The Best of R.E.M. was only issued in Europe, New Zealand, Australia, Brazil and Chile, complete with liner notes from Remarks: The Story of R.E.M. by Tony Fletcher. It was not the first compilation to cover this era, and featured all but two of the songs that had already been included on an earlier greatest hits album titled Eponymous (albeit some were different versions).

Three songs were taken from each of the first five studio albums and one song was taken from Chronic Town, the band's first EP, making a total of sixteen songs on the album.

==Critical reception==

"A considerable improvement on the useful but haphazard Eponymous collection," wrote Dan Maier in a 5/5 review for Select. "It'll be a few years before Warners release their own 'Best Of'. In the meantime, this'll do very nicely indeed."

Professional ratings
Review scores
| Source | Rating |
| The Encyclopedia of Popular Music | Star |

==Track listing==
All tracks written by Bill Berry, Peter Buck, Mike Mills, Michael Stipe.
1. "Carnival of Sorts (Box Cars)" (from Chronic Town) – 3:51
2. "Radio Free Europe" (from Murmur) – 4:03
3. "Perfect Circle" (from Murmur) – 3:23
4. "Talk About the Passion" (from Murmur) – 3:22
5. "So.
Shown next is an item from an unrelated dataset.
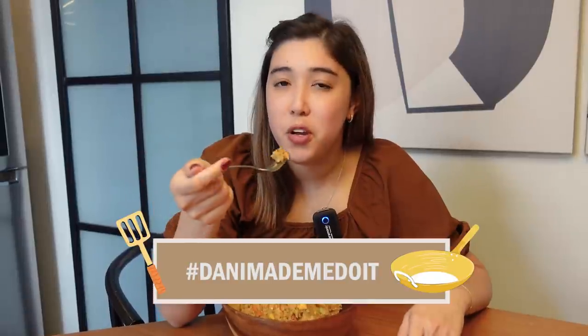I hope you try this at home, guys. And when you do, don't forget to tag me. See you guys on my next video. Thank you so much for watching. I hope you enjoyed this video. And if you do try this at home, please do tag me with the hashtag DannyMadeMeDoIt. I'll see you guys next time. Bye!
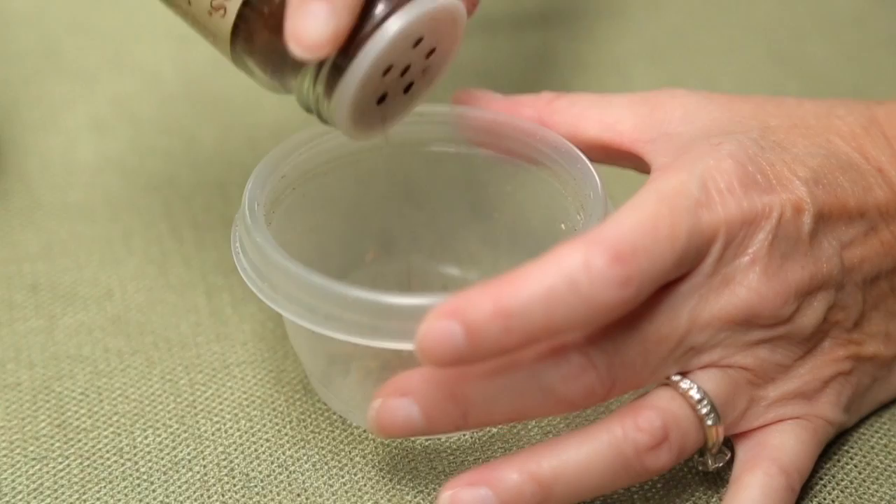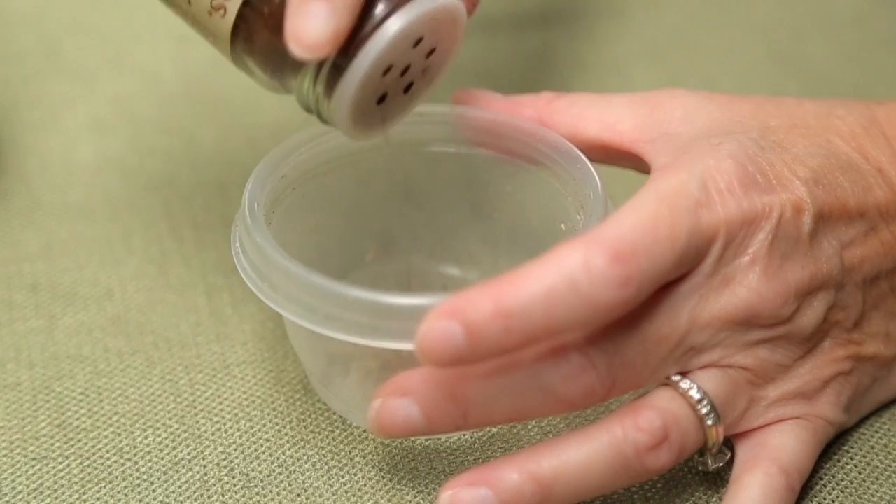You can also use rosemary, basil, or parsley — any of the above — to make a concoction that you can use to mix into your soil. Once you have your homemade insecticide concoction prepared, lightly sprinkle it over the surface of the soil and then mix it in just barely with your fingertips.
Central Rain (I'm Sorry)" (from Reckoning) – 3:11
6. "(Don't Go Back To) Rockville" (from Reckoning) – 4:34
7. "Pretty Persuasion" (from Reckoning) – 3:53
8. "Green Grow the Rushes" (from Fables of the Reconstruction) – 3:42
9. "Cant Get There from Here" (from Fables of the Reconstruction) – 4:10
10. "Driver 8" (from Fables of the Reconstruction) – 3:18
11. "Fall On Me" (from Lifes Rich Pageant) – 2:49
12. "I Believe" (from Lifes Rich Pageant) – 3:32
13. "Cuyahoga" (from Lifes Rich Pageant) – 4:17
14. "The One I Love" (from Document) – 3:17
15. "Finest Worksong" (from Document) – 3:48
16. "It's the End of the World as We Know It (And I Feel Fine)" (from Document) – 4:07

==Certifications==

| Region | Certification | Certified units/sales |
| Germany (BVMI) | Gold | 250,000^{^} |
| United Kingdom (BPI) | Gold | 100,000^{*} |
^{*} Sales figures based on certification alone. ^{^} Shipments figures based on certification alone.